Assure maximum privacy by creating living trusts. Wills are a matter of public record while, generally, trusts are accessible only by those having a “direct economic interest.” For best results, locate the trust where lawsuits aren’t encouraged and judges don’t like family squabbles. An off-shore situs such as Grand Cayman or the Cook Islands would be a good possibility.

Use a living trust to reduce chances of a contest. The longer a trust has been in existence, the more difficult it is for someone to attack its validity. And a contest is probably less likely if the trustee is an independent third party.

Use combinations of charitable remainder and lead trusts and discounting strategies to minimize taxes and benefit others. Establish them now, and make charitable intentions clear.

Get the best legal and financial advice there is. Don’t tolerate incompetency, inferior solutions and those who allow difficult customers to sign third-rate documents.

When money is at stake, don’t name individual executors. Instead, select professional representatives chosen for their neutrality, experience, balance and the financial strength to back decisions. Then, make them trustee while you are alive; one trial run is worth a hundred doses of reality.

Decline the opportunity to serve as an estate representative, unless it involves family. Then, insist on fiduciary liability insurance, if available. It also may make sense to be bonded, if difficult days are ahead.
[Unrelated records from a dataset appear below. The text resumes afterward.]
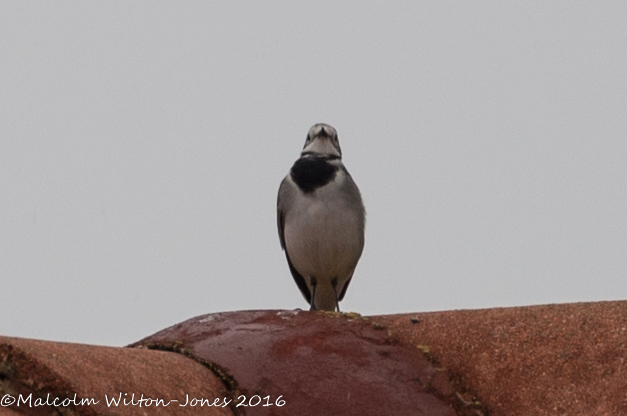 White Wagtail; Lavandera Blanca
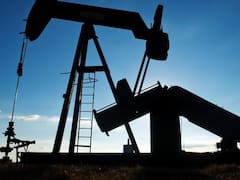 Una petrolera argentina desembarca en un proyecto clave de shale de Estados Unidos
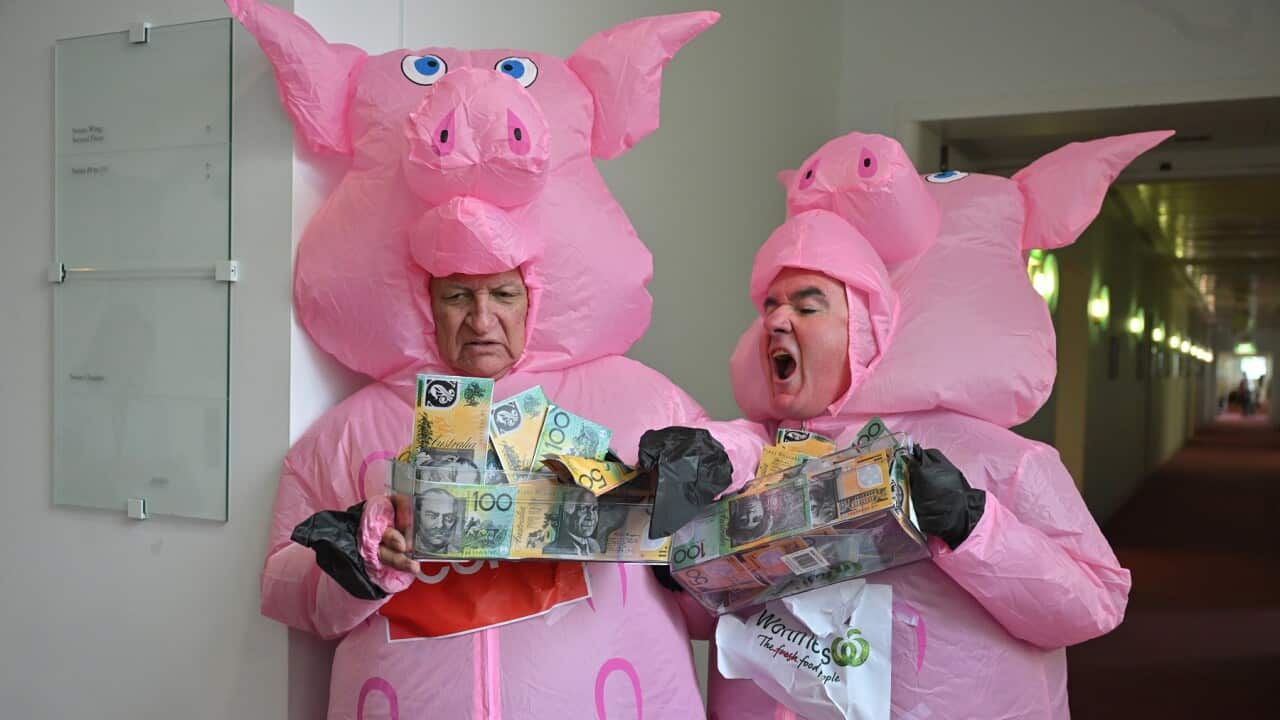 BOB KATTER ANDREW WILKIE SUPERMARKET PIGS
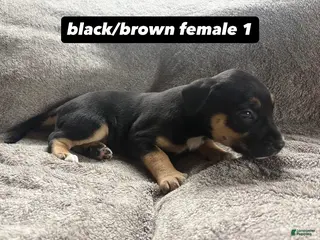 Mixed Breed dogs Puppy 8 - Ad 14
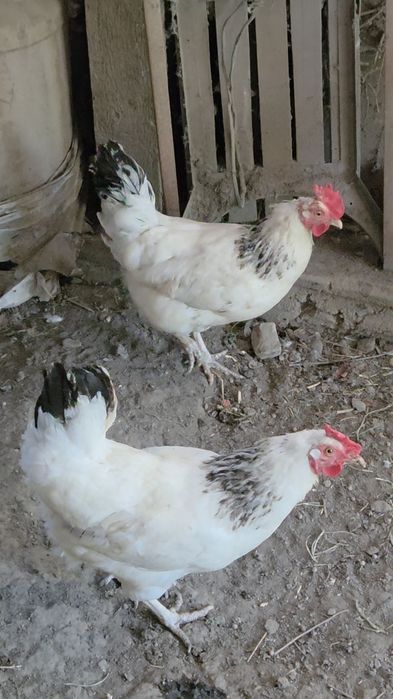 Куры. Адлерская несушка. Продам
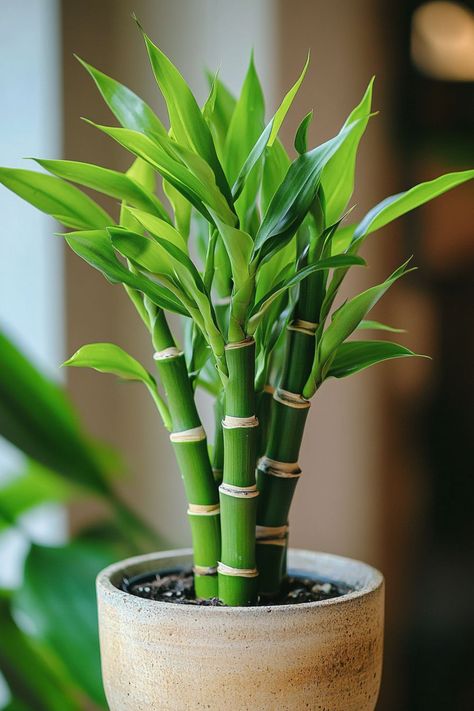 Lucky Bamboo (Dracaena sanderiana) is a delightful and vibrant addition to any home or office! 🎍🌿 Known for its elegant, spiral-shaped stems and easy care, this plant is a beautiful blend of aesthetic appeal and symbolic luck. Low maintenance and bursting with charm, Lucky Bamboo is perfect for adding a touch of greenery and good fortune to your space. Indulge in this stylish twist on indoor plants today! 🌱✨ #LuckyBamboo #IndoorPlants #GoodFortune #GreenLiving Bamboo Plant Indoor, Lucky Bamboo Care, Good Luck Plants, Bamboo Plant Decor, Potted Plants Indoor, Plants For Office, Indoor Green Plants, Dracaena Sanderiana, Bamboo Flower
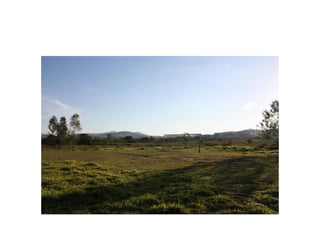 Fotos e Entrevista - Campo do Nacional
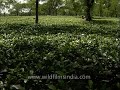 beautiful tea estates of bagdogra west bengal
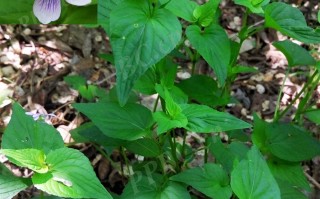 20240914——鸡腿堇菜（Viola acuminata Ledeb.）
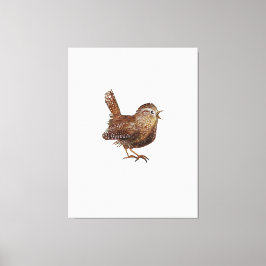 Wren Bird (Troglodytes Troglodytes) Canvastryck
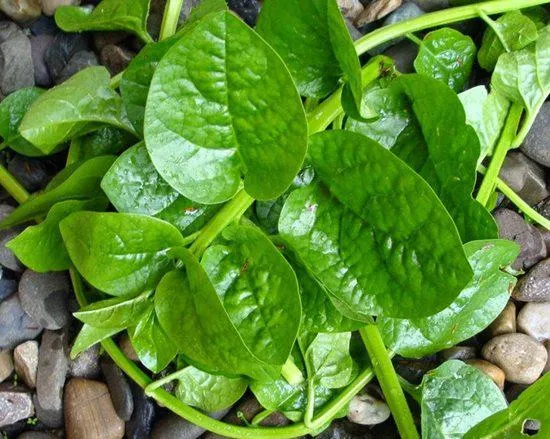 Hình ảnh cây rau mồng tơi xanh tươi
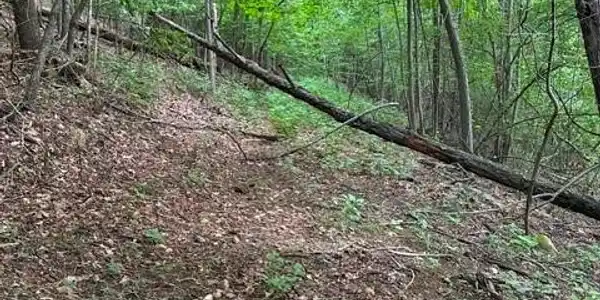 Image 4 Image 4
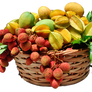 Tropical Fruits Png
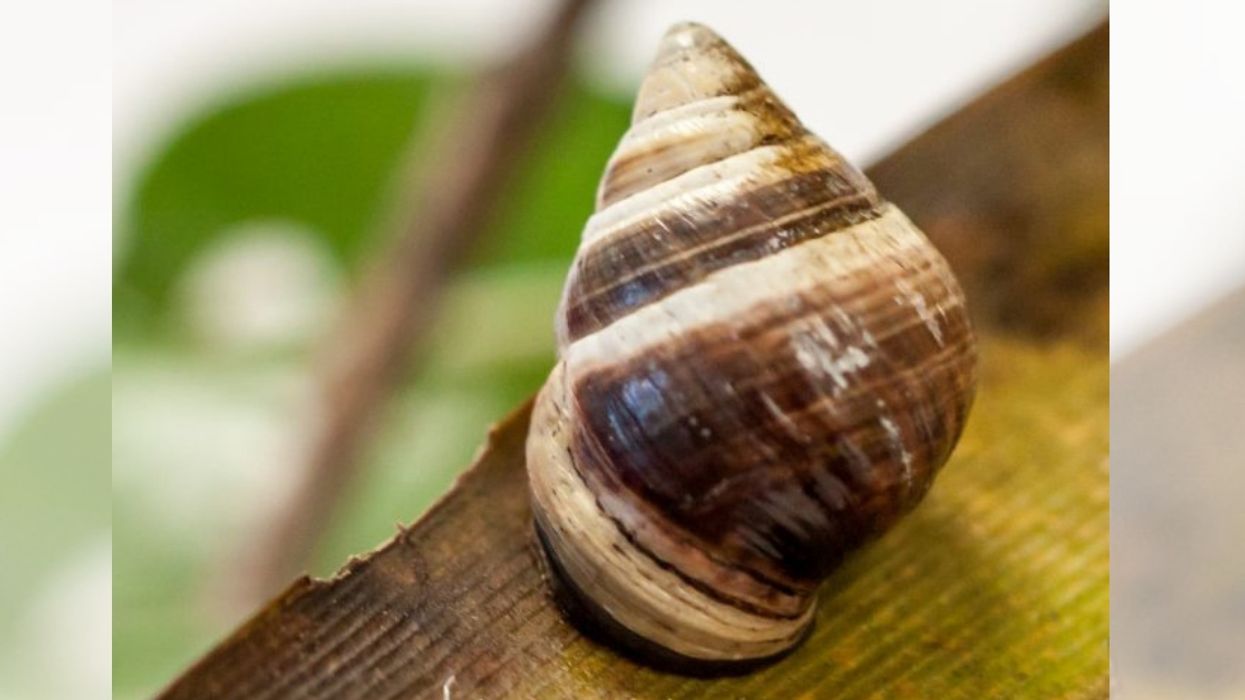 A 14-Year-Old Snail Named George Has Died—And It Has Researchers Very Concerned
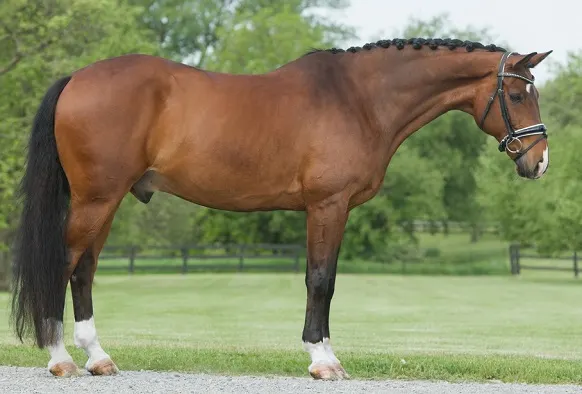 bay Hanoverian warmblood brown horse with black mane and tail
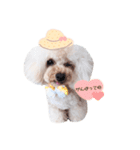 marronchan..（個別スタンプ：5）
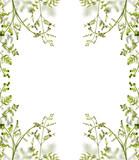 Fototapeta Panele - green young spring fern branches frame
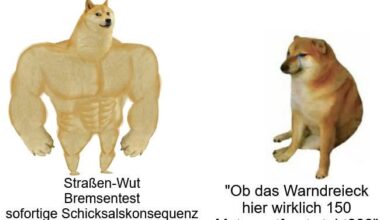 ich_iel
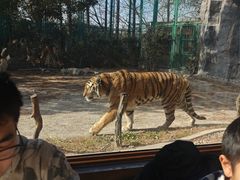 -上海野生动物园老虎餐厅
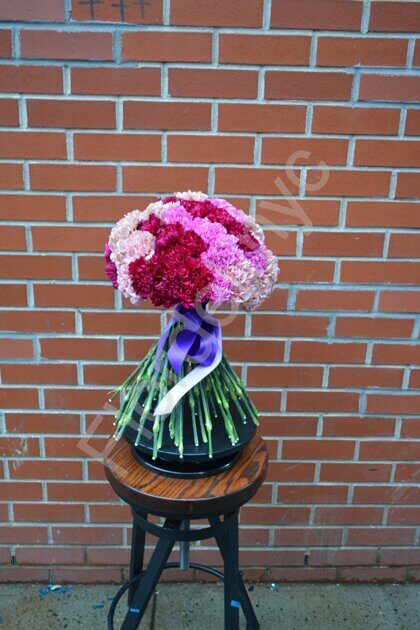 Pink-purple carnations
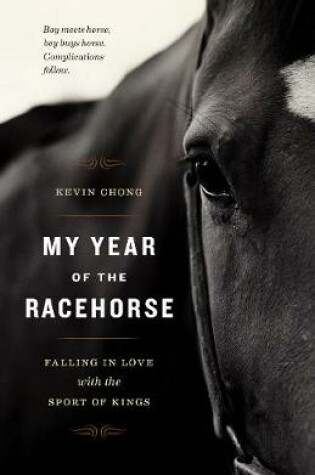 Cover of My Year of the Racehorse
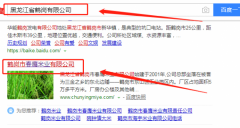 黑龍江省鶴崗市春鷹米業(yè)有限公司與本司簽約網站開發(fā)協(xié)議
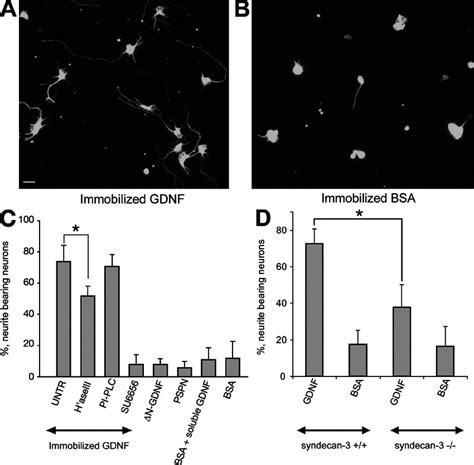 Immobilized Gdnf Induces Neurite Outgrowth In Rat Embryonic Hippocampal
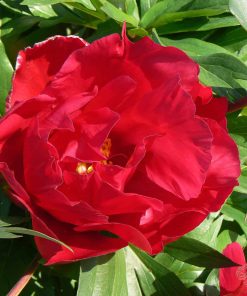 Scarlet Heaven - Quality Peonies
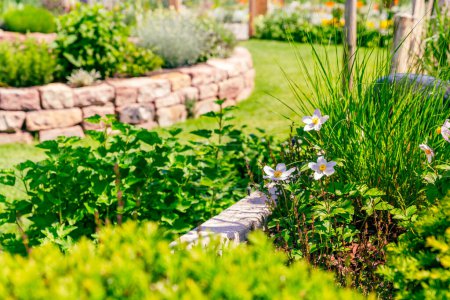 Foto de Cama de flores con césped verde y espiral de hierbas hecha de ladrillos para un pequeño jardín - Imagen libre de derechos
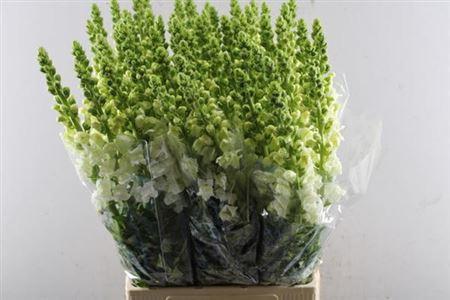 Antirrhinum majus 'Opus Fresh White'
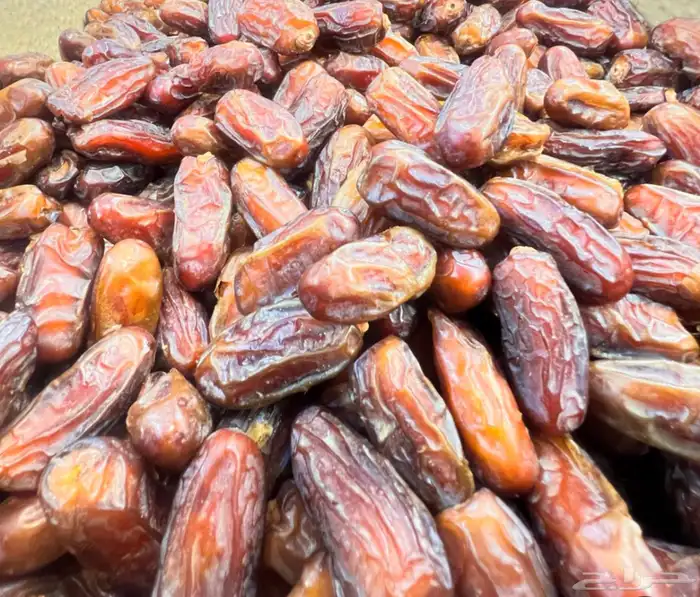 توفير تمر صفري 2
n Video-tape family discussions—even the signing of the will. A televised commentary may not always be admissible in court, but is powerful evidence of what the deceased intended.

Buy lots of life insurance in trusts to (1) replace assets gifted to charity and (2) pay estate taxes, if any, that are assessed. A life insurance trust for spouse or children is especially helpful if it assures equality and fairness (and if it has a legally effective no-contest clause).

Always be fair and equitable, in disposing of assets. When loved ones sense thoughtfulness and attention to detail, there is less chance of a flare-up.

n Use off-shore trusts before marriage. In Brigid McMenamin’s “’Til Divorce Do Us Part” (Forbes Magazine, October 14, 1996), there is thoughtful commentary about how well foreign trusts can protect assets from a potentially litigious spouse.

In second and third marriages, sign prenuptial agreements. Then, if a will or trust supersedes the marriage contract, specify that a spouse who contests an estate document is left with what is agreed to in the prenuptial agreement.

No-contest provisions (that cause forfeiture of dispositions to someone who challenges a will or trust) are effective in most states. These interroram clauses also are more likely to increase the risk of loss if they forfeit something of real value, such as proceeds from beneficiary designations and other estate documents, as well.

Finally, know that estate planning is an inexact science. We never die “right,” and can only do our best. But it’s extremely important to help matters along for loved ones, and that’s the least we can do in a society where something can happen at a moment’s notice—and usually does. n



Richard W. Duff, J.D., CLU, is a financial advisor in Denver, Colorado, and a principal in First Financial Resources (FFR). He is author of Keep Every Last Dime: How to Avoid 201 Common Estate Planning Traps and Tax Disasters. Duff can be reached at (800) 352-5353.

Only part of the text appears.